**What to do:** The entries below should be given again exactly, minus their pictures.

::: Stored data

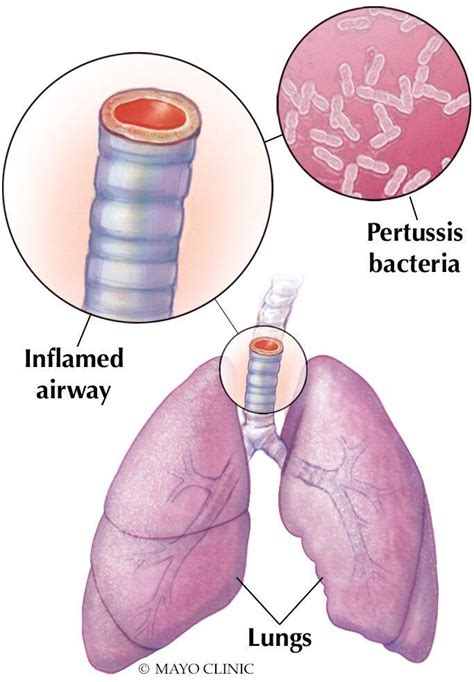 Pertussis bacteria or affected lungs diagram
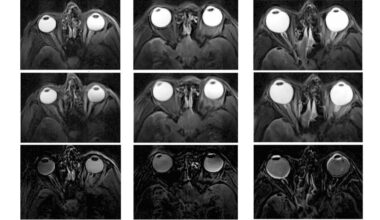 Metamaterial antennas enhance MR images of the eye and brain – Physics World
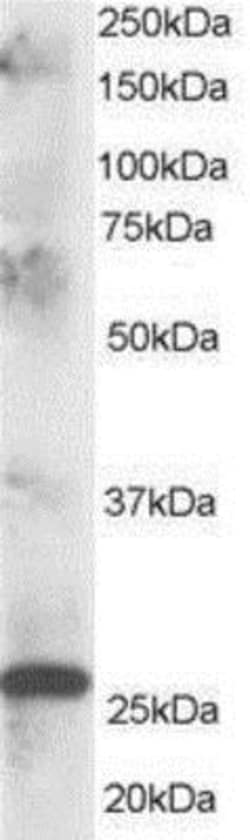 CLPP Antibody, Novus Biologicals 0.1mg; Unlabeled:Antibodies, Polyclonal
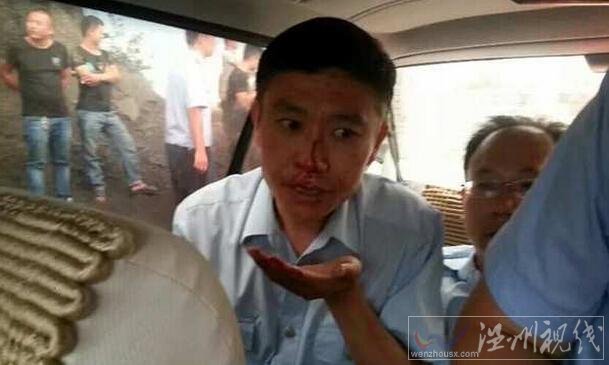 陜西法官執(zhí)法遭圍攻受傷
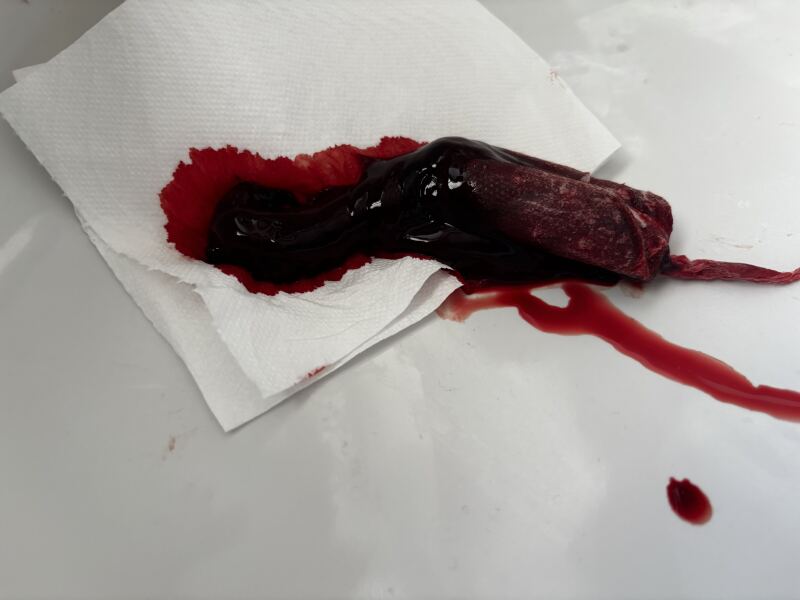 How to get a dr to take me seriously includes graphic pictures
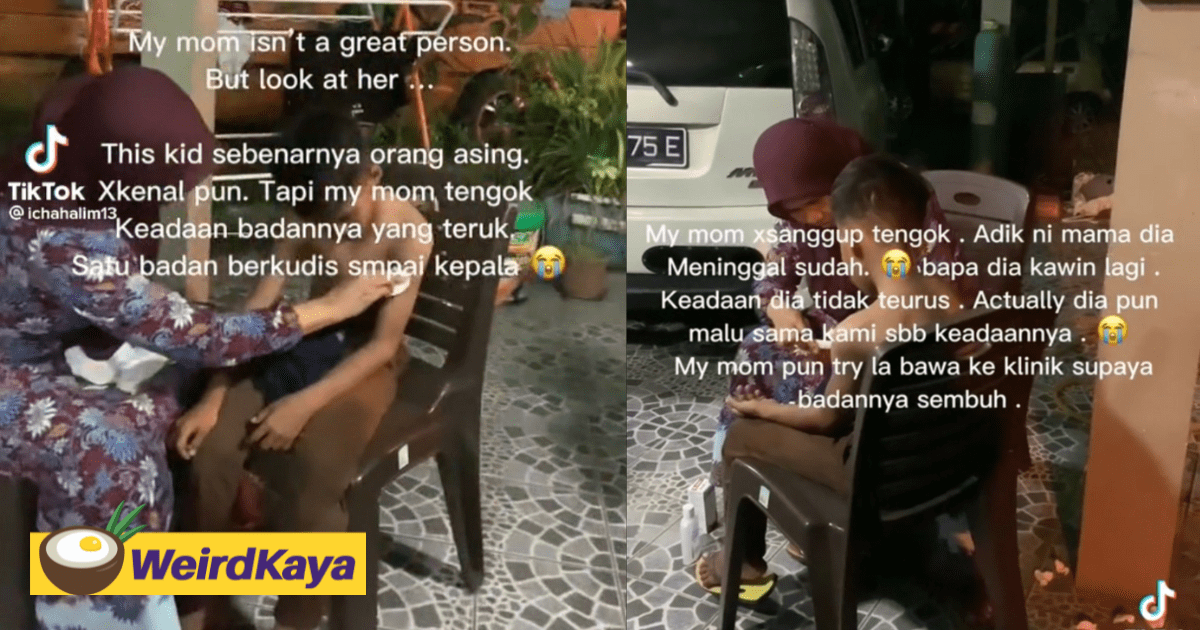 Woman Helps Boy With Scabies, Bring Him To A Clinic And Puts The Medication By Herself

::::::

**Answer:**
 Pertussis bacteria or affected lungs diagram
 Metamaterial antennas enhance MR images of the eye and brain – Physics World
 CLPP Antibody, Novus Biologicals 0.1mg; Unlabeled:Antibodies, Polyclonal
 陜西法官執(zhí)法遭圍攻受傷
 How to get a dr to take me seriously includes graphic pictures
 Woman Helps Boy With Scabies, Bring Him To A Clinic And Puts The Medication By Herself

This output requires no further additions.